Pain in the PaaS

Platform teams are born out of perceived necessity. A start-up enters hyper-growth mode and the company’s technical leadership wants a mechanism to assure technical coherence and developer velocity. An established company, aware of the burden of its existing technical debt, decides a platform team will provide a future-proofed foundation for a shift to the Brave New World of Microservices and DDD. The exact reasons will vary, but there are a few common themes in platform teams' raisons d’ĂȘtre. Developer velocity – the notion that developers are slowed down when they concern themselves with how or where their code runs. Guardrails – determining and implementing constraints on what development teams must and must not do when running their code. Platform teams are also seen as a “force multiplier”/mechanism to help scale teams in size and quantity while minimising the usual friction of doing so.

You don’t need a platform team when you’ve already got a platform. If you’re building your software in AWS / GCP / Azure / similar, then you already have a world-class platform team (or, in GCP’s case, theoretically world-class). When you introduce a platform on top of a cloud platform, you’re introducing an abstraction layer on top of an abstraction layer.

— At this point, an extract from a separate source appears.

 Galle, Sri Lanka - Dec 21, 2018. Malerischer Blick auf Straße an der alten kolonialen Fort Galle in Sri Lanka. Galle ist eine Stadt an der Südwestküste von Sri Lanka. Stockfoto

Engineering teams' velocity is a function of autonomy and competence. With an in-house platform, velocity becomes a local maximum as you shrink the autonomy-space in response to your perceived lack of current or future competence (“I cannot trust this engineering team to make good use of AWS without an abstraction layer”).

If this site implemented a comments section, then I’m sure the more cogent hate mail would tell me that platform teams are effective at finding good ways of doing a certain thing - and once that is discovered then product teams no longer have to “reinvent the wheel”. This is partially true, but it’s short-sighted. Platform engineering suffers from a dynamic that is analogous to an economic doom loop. First, a platform team develops a solution for a problem experienced by multiple teams. The team delivers a stable release and those teams now, by design, depend on the solution. Like the consumers of any piece of software, those teams will invent new requirements and request them. Until the platform team implements those changes, the product team is limited or blocked – their velocity has been limited by an artificial dependency on a central team. The mounting requirements throttle the capacity of the platform team – which results in an increasing backlog of requirements. Velocity in multiple areas of the organisation becomes degraded.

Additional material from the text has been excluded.